On final approach to Amsterdam’s Schiphol Airport the captain’s radio altimeter failed, erroneously indicating the aircraft much lower than it was flying. The first officer failed to correctly arm the autopilot for the approach, and the aircraft’s autopilot relied on the captain’s radio altimeter indication. As result of the lower altitude indication, the computer logic calculated that the aircraft was attempting land; the autothrottles reverted to idle and the aircraft slowed to a speed where it could not maintain flight crashing short of the intended runway. As the Turkish Airlines crash demonstrated, erroneous data from radio altimeters can have catastrophic consequence to the safe conduct of flight.
The extent of 5G interference with radio altimeters is continuing to be investigated by many organizations including the Federal Aviation Administration (FAA) and aircraft manufacturers such as Boeing and Airbus.
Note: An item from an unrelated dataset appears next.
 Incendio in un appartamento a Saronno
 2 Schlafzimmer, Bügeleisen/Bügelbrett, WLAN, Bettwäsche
Initial findings that C-Band transmissions should not interfere normal aircraft operations. However, subsequently testing found that C-Band transmission do indeed cause adverse effects on radio altimeter systems when the transmission power was increased.
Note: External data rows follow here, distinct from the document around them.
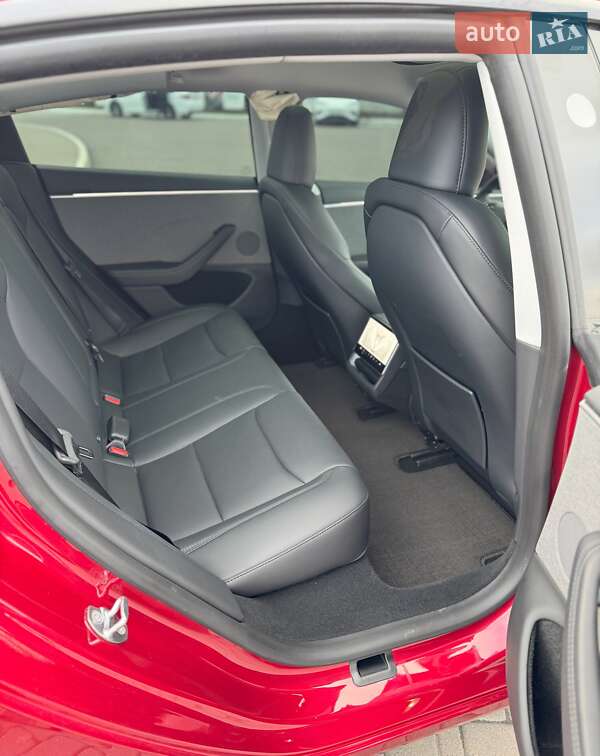 Седан Tesla Model 3 2025 в Киеве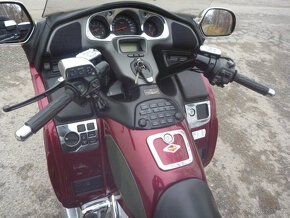 Honda GL 1800 Gold Wing ABS - 10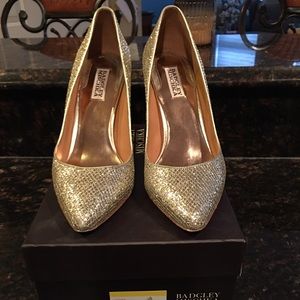Badgley Mischka Dulce Pumps - Gold - Size 10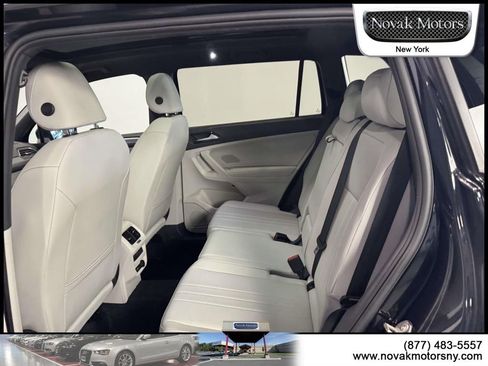 Used 2023 Volkswagen Tiguan SE R-Line AWD/4WD image 12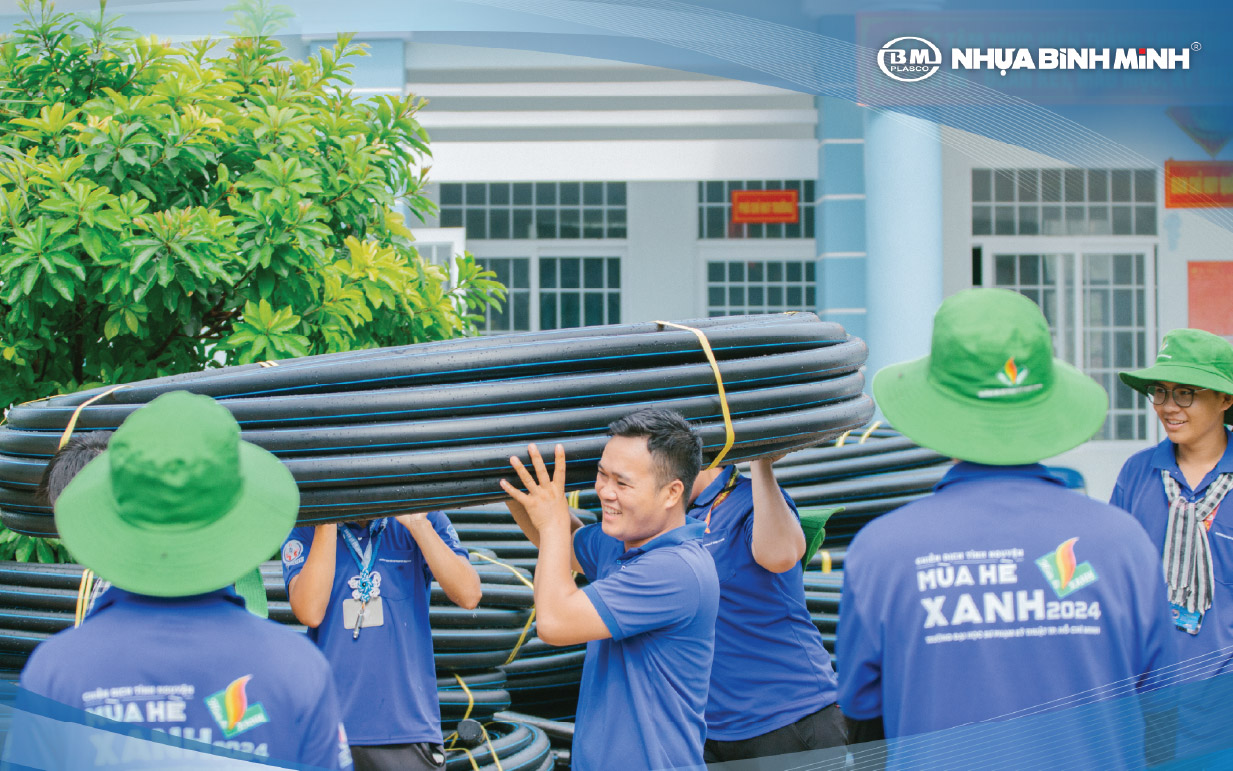Binh Minh Plastics launches the program “Cherish the Water Source, Love the Future” in Phu Yen.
As a result of the potential adverse effects of 5G on radio altimeters, the FAA issued Airworthiness Directive (AD) 2021-23-12. The AD stated that “[t]he FAA is issuing this AD because the agency has determined the unsafe condition [of 5G radio altimeter interference] is likely to exist or develop in transport and commuter category airplanes with a radio altimeter as part of their type design.” The AD went further to require airlines “to incorporate limitations prohibiting certain operations requiring radio altimeter data when in the presence of 5G C-Band wireless broadband signals. These limitations could prevent dispatch of flights to certain locations with low visibility, and could also result in flight diversions.” As a result of the AD, hundreds of flights were cancelled due to the potential unavailability of certain aircraft systems that would allow for landing in low visibility conditions.
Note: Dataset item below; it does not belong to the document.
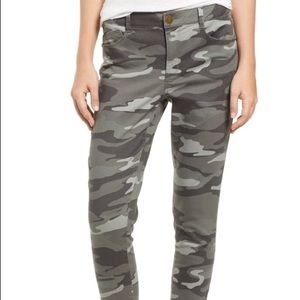 High waisted camo print jeans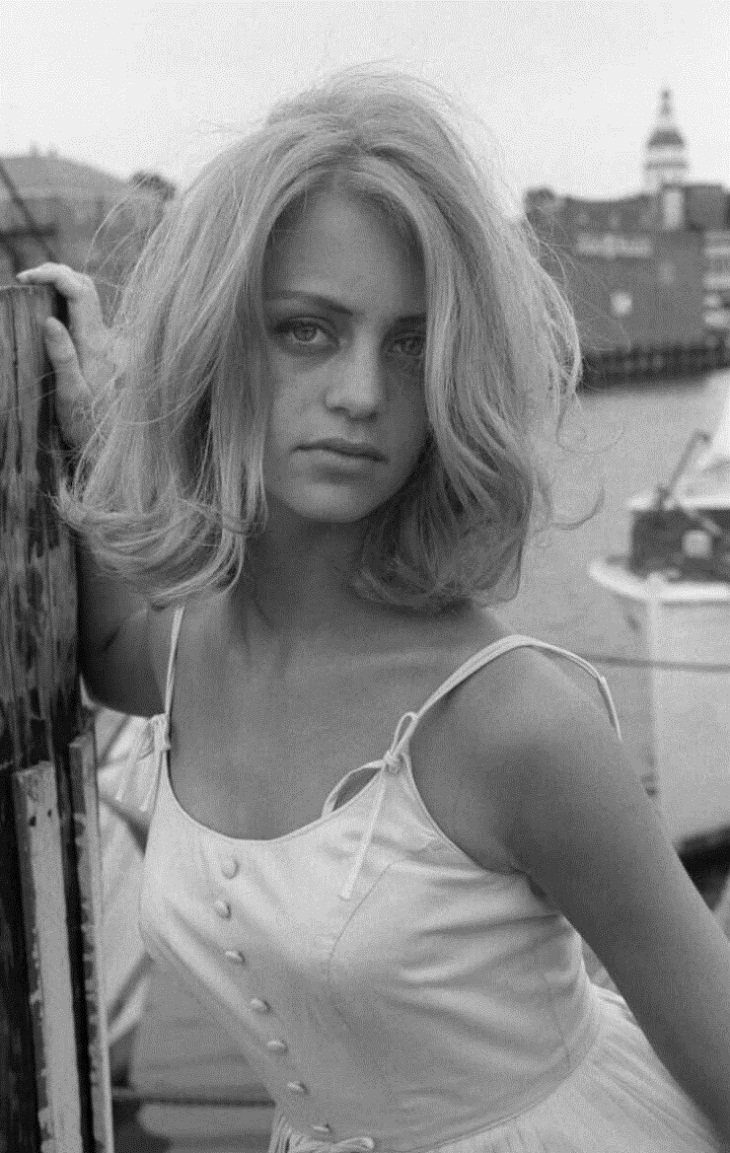 Female Actors Then Vs Now, Goldie Hawn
Most recently the FAA has updated its policy regarding certain aircraft after further testing. The FAA recently found that altimeters for most of the in-service US airline operated Airbus, Boeing and Embraer aircraft were cleared from vulnerability to any interference issues. However, on January 25, 2021, the FAA issued an AD prohibiting Boeing 747-8, 747-8F and 777 airplanes from landing at airports where 5G interference could occur. The AD does not apply to landings at airports where the FAA determined the aircraft altimeters are safe and reliable in the 5G C-band environment. It also does not apply to airports where 5G isn’t deployed. This AD affects approximately 336 airplanes in the United States and 1,714 worldwide.
What if there is an aircraft accident caused by 5G interference with a radio altimeter?
If the accident occurs in the U.S., and the passenger tickets are domestic (within the U.S.), then the liability law of the U.S., federal and/or state will come into play. Liability depends upon the facts of each case. Foreseeable at-fault parties would include the airline/operator, the 5G provider(s), the FAA, and possibly aircraft and component part manufacturers associated with the radio altimeter. Any court litigation would likely involve a lot of expert analysis and opinions, and ultimately finger pointing between the defendants. If the case went to trial, a jury would allocate fault between the defendants on a percentage basis totaling 100%, which would determine the allocation of payments to the plaintiffs.
 Computer automation known as flight control laws use automated systems and the information supplied by instruments such as the radio altimeter to monitor, warn, and potentially step to provide corrective action if the safety of flight becomes an issue.